I can immodestly say now that I have perfected canning, the real canning, with a little sheepish horror in reminiscence for how I started!  So, last year I decided to can over three hundred items.  It was a homesteading goal.  Just to see if I could do it.  And I did.  I am doing a root cellar tally.  I did not really think about all I was canning, just that I needed to can.  So whatever Miller Farms had extra was in my kitchen.  So here’s how it looks come Spring time.

Peas were the earliest to be canned and promptly eaten…sadly.  So delicious.  The frozen not quite satisfying my craving.  It seemed like I had tons of peas, but had only four jars by the end of shelling.

I have one can of corn left.  Not bad, but not enough.  Corn won’t be here until July so I should can more corn this year.

Apparently we ain’t big on beets.  We like them alright but somehow I still have at least twenty quarts left plus all the pickled beets.  It is very beautiful in the root cellar with all the ruby colored jars.  Perhaps less this year?

Ditto with zucchini.  Seemed like a brilliant idea.  Lot of zucchini and zucchini and tomatoes to put into soups and minestrone.  I guess we didn’t feel much like minestrone and soup this year.

The green beans are half gone.  I like them better canned than fresh I think.  How weird.  Perhaps because my memory growing up is of canned vegetables so they taste like when I was a kid.  Only organic and home-canned.  Still put butter and salt on top.

The fruit cocktail didn’t last too long.  The apples did.  Apparently I did not bake as many apple pies as previously expected (I baked one).  However, we do not get more apples until this fall so there is time for apple crisps and cabbage and apples.  The cherries are holding out alright.

Tomato sauce is gone.  It is a staple.  I have eight jars of spaghetti sauce but those won’t stick around.  I am swimming in ketchup, barbecue sauce, chutney.  These should last until fall though when it is time to do it again.

No matter how many jars of diced tomatoes I put up every year, it is not enough.  I am down to one.
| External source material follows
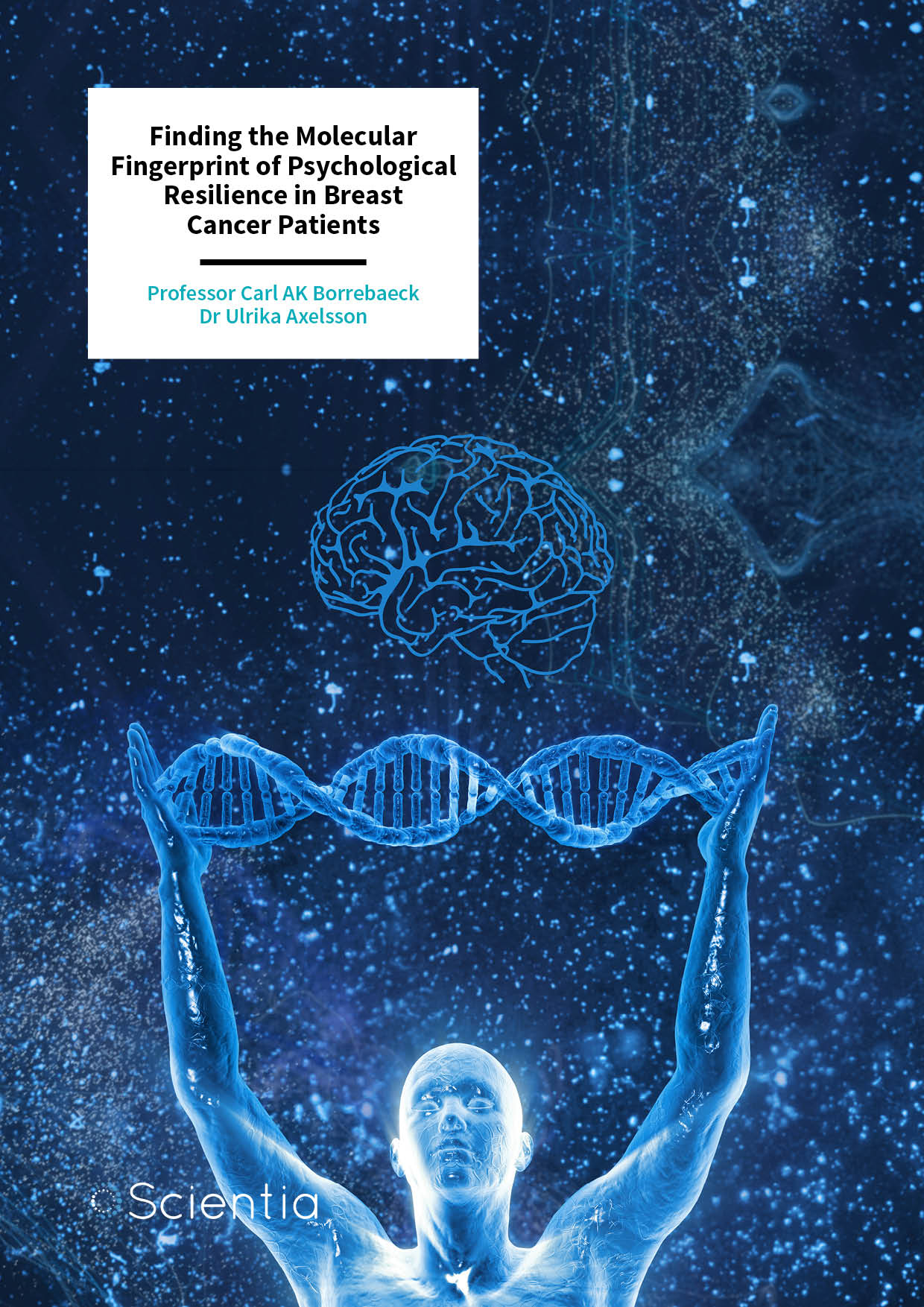 Professor Carl Borrebaeck | Dr Ulrika Axelsson – Finding the Molecular Fingerprint of Psychological Resilience in Breast Cancer Patients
We ate pickles like they were going out of style last year.  I ran clean out, so I doubled my numbers.  They haven’t been touched.  Oh, if we could only predict cravings!  Too bad Emily didn’t crave pickles!

The dried beans are holding out.  I am almost out of honey.  I have plenty of wheat.  I have an entire bucket of beets in sand.  Really?  More beets?!

The carrots that I packed in damp sand last fall?  Awesome.  Crisp, delicious, perfect.

The potatoes?  Well, you read that story.  If I hadn’t escorted them to the compost bin, they may have climbed straight out the window.

I have one less squash than when I started.  Huh.  I should have canned it.  During the winter, I don’t feel like canning.  It feels too out of season.  Too comfortable in the house or something.  It must be at the peak of temperatures and misery.  I will can in the fall.  More of this, a whole lot less of that!